• [WORK TO COMPLETE]:
Copy out exactly the stretch of the listing below that begins at the line containing "Newly Updated 2BR In Trendy Area — photo 1" and ends at the line containing "96 Mount Crescent, Essa, ON", and copy nothing outside it.

• [RECORDS TO PROCESS]:
Segment Open
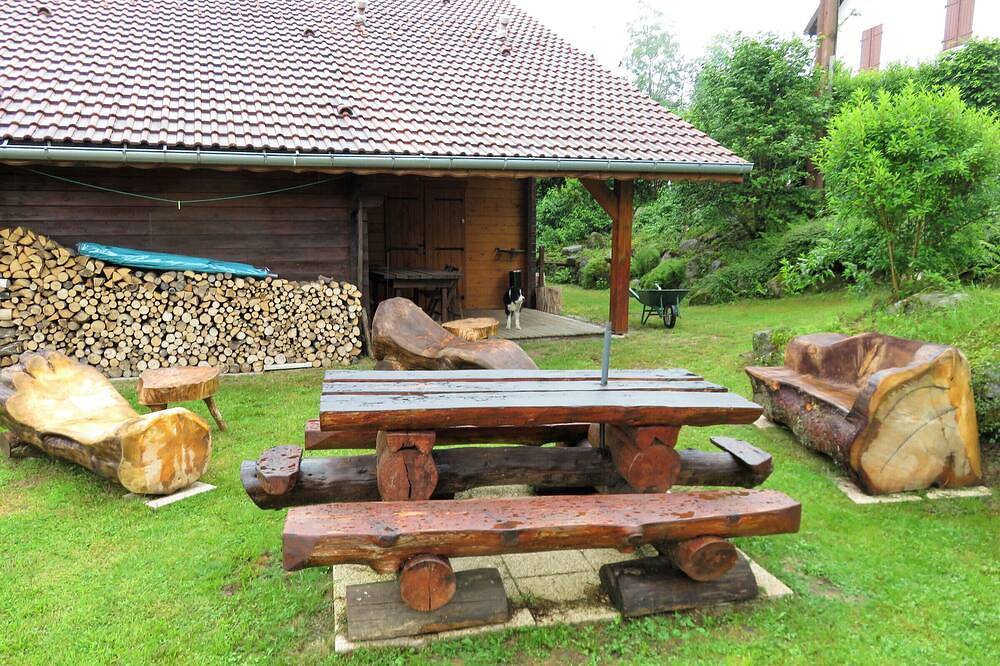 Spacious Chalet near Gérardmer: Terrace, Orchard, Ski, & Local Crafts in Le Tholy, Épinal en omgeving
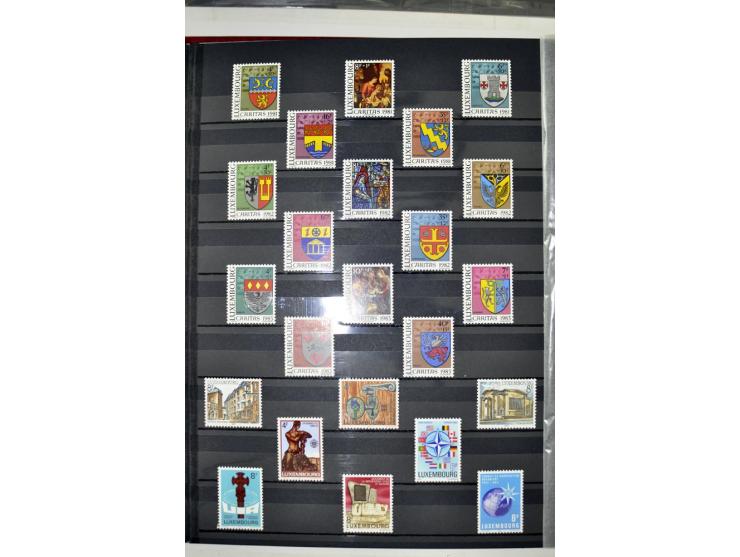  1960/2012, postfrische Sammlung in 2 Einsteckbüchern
Segment Closed
Segment Open
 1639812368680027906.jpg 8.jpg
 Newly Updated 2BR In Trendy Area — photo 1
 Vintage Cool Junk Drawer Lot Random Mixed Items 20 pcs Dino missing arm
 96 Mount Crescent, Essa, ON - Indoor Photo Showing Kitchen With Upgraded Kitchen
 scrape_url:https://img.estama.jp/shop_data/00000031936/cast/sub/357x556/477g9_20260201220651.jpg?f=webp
Segment Closed
• [ANSWER TO THE PROBLEM]:
 Newly Updated 2BR In Trendy Area — photo 1
 Vintage Cool Junk Drawer Lot Random Mixed Items 20 pcs Dino missing arm
 96 Mount Crescent, Essa, ON - Indoor Photo Showing Kitchen With Upgraded Kitchen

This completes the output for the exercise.